How To Be Single

Alice arrives in New York and decided to break up with Josh to explore the single life and learn more about herself. His friendship with Robin and the proximity of Meg’s sister, both single indefatigable, seem to direct it in the right direction, but soon Alice, instead satisfy his way, it ends up caving in to a variety of complications with relationships.
Delight of many and the cross of many, the romcom is one of the encoded film genres, conservative and impervious to the change in circulation. But even the most hardened among its detractors can not deny to the genre a unique ability to capture the spirit of the time – expressed through characters and curious actors – and create catchy intended to re-emerge in the most unexpected places, including living well. Each romcom wants a vehicular use “practical” message or may be presumed to have one, the idea of ​​a new trend that deserves to be immortalized, a moral to be conveyed in disguise. As the wording of the impossibility of a true friendship between man and woman in When Harry Met Sally, or reading of the signs of fate in Serendipity. Even The truth is that he likes you has not tried enough to contaminate and partly rewrite the glossary of romantic relationships.

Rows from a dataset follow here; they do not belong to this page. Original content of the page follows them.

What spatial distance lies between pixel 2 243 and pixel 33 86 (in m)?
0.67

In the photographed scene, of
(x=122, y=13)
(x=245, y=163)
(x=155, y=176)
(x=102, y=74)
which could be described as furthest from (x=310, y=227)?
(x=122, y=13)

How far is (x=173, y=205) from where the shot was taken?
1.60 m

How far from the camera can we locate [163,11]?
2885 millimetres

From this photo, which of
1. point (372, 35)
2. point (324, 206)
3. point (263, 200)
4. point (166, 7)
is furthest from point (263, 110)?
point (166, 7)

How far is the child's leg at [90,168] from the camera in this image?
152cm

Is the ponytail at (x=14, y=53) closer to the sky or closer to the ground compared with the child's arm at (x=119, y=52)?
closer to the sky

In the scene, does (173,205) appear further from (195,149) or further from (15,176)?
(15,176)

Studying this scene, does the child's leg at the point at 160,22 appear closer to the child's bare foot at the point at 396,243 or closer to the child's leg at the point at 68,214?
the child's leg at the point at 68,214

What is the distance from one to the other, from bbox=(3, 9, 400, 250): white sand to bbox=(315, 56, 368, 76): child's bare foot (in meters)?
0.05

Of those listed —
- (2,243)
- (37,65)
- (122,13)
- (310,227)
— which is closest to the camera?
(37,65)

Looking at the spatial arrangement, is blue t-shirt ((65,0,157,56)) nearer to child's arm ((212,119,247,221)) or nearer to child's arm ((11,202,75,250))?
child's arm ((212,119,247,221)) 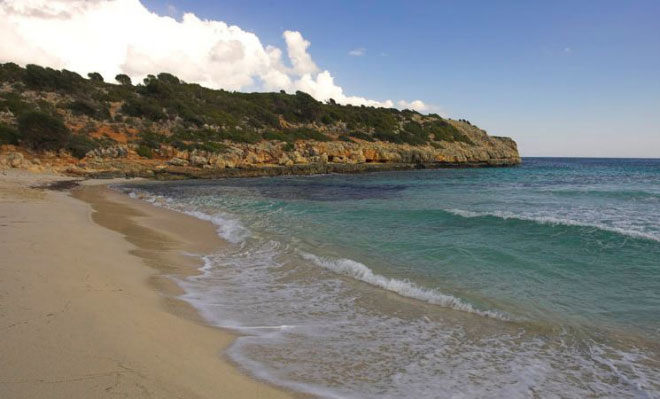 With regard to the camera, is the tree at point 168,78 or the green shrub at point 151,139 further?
the tree at point 168,78

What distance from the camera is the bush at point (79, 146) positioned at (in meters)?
30.3

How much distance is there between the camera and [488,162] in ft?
194

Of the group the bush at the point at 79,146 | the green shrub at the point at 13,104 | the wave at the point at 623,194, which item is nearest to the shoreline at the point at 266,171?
the bush at the point at 79,146

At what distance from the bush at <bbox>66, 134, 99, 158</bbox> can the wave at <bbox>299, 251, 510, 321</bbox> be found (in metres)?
29.2

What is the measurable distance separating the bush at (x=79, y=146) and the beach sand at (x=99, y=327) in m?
25.3

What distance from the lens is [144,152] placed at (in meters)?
34.0

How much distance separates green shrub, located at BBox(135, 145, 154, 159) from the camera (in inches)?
1332

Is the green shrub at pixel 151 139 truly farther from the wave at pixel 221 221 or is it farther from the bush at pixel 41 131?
the wave at pixel 221 221

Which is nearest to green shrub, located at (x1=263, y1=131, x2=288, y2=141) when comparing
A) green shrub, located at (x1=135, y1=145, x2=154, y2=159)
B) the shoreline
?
the shoreline

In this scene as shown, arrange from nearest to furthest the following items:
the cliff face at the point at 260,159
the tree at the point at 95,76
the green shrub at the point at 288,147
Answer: the cliff face at the point at 260,159 < the green shrub at the point at 288,147 < the tree at the point at 95,76

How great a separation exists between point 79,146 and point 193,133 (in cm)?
1165

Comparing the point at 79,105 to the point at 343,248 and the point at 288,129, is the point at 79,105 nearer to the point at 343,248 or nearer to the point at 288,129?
the point at 288,129

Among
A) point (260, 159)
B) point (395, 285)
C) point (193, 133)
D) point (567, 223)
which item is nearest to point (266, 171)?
point (260, 159)

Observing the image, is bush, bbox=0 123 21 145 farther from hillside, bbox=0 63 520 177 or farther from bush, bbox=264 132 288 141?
bush, bbox=264 132 288 141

Among the elements that most lack Single but not too prominent a role it right at the inaction of a strong basic assumption. Only the character of Alice seems embark on a growth path, that of (self) be convinced of being single to find out what this really means. But the screenplay by Abby Kohn, Marc Silverstein and Dana Fox, veterans of the genre, it seems more undecided the player on the right direction to take. If Johnson is applied, trying to join the role of avoiding stereotypes, its partners and especially its actors – essential role of every self-respecting romcom – disappoint, including a Leslie Mann who has lost the street corrosive humor universe Apatow and Rebel Wilson, who looks more like a Borat in a skirt than a millennial version of Samantha in Sex and the City. For handwriting paternity reasons – the novel from which singles but not too much is taken is Liz Tuccillo, writer of the famous series – and the clear (and declared in a dialogue) influence on the subject, Sex and the City remains the touchstone obliged the Ditter film. But if the transition from small to big screen of the original format had proved complicated, its adaptation to a new generation even more creaks.
The only alleged element of novelty seems tied to the enumeration of a set of unwritten rules of the perfect single (after eleven bottles of beer two opposite sex friends must necessarily have sex), highlighted by rowdy graphical overlays; an expedient already seen (Scott Pilgrim vs. the World) and already become a habit. And if from the beginning the fateful encounter between the individual maturation process of Alice and the inevitable trip / conversion / climbing (with even more inevitable voice over) the protagonist seems averted, it is instead just a simple extension. Before coming to this expedient of disarming obviousness, the script leads Alice through the skyscrapers of New York, as if to browse the topoi related to myriads of previous romcom. As if seeking an invocation to the muses who prefer to flaunt deafness.